# [What you will do]
Only the number is wanted: how many lines in the material below contain "with".

============

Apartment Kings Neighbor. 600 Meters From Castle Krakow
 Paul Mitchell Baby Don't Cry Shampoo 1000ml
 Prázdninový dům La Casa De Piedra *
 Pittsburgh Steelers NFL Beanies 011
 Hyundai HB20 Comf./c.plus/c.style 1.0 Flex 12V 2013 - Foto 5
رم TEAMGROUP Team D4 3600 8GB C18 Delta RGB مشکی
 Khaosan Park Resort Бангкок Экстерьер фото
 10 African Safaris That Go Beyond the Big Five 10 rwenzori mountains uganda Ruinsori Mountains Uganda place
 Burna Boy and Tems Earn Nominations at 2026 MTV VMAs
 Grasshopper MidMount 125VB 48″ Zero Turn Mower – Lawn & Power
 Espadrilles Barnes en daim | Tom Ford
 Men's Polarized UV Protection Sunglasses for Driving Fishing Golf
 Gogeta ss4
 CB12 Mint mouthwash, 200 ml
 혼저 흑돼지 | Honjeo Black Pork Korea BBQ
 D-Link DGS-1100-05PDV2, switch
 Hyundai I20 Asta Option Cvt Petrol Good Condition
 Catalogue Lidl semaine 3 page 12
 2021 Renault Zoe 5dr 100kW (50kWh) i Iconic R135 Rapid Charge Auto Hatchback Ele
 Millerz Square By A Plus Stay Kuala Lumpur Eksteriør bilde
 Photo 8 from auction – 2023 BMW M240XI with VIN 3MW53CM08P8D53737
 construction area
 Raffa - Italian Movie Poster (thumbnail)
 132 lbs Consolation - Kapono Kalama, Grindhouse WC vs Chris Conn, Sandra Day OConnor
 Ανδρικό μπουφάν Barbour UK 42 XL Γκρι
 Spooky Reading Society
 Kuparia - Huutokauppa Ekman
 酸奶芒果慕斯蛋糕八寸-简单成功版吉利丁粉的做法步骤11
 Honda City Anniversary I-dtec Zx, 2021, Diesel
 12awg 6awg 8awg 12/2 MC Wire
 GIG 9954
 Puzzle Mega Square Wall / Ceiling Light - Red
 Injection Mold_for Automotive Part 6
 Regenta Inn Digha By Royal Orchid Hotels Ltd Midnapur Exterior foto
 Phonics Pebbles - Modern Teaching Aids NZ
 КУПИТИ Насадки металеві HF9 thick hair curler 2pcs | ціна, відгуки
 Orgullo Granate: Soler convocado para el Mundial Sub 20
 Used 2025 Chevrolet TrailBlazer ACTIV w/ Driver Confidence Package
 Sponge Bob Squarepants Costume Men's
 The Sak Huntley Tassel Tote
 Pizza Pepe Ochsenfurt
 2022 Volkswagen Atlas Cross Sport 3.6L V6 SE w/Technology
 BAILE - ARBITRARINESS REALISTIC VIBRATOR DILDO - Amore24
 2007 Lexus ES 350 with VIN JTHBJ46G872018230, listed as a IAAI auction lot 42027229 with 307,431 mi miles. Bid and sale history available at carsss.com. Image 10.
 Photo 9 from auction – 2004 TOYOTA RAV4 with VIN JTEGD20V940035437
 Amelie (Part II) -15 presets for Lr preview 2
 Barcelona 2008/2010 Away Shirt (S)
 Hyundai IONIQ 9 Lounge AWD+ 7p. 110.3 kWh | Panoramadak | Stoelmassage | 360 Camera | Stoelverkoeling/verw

============

# [Response to this exercise]
3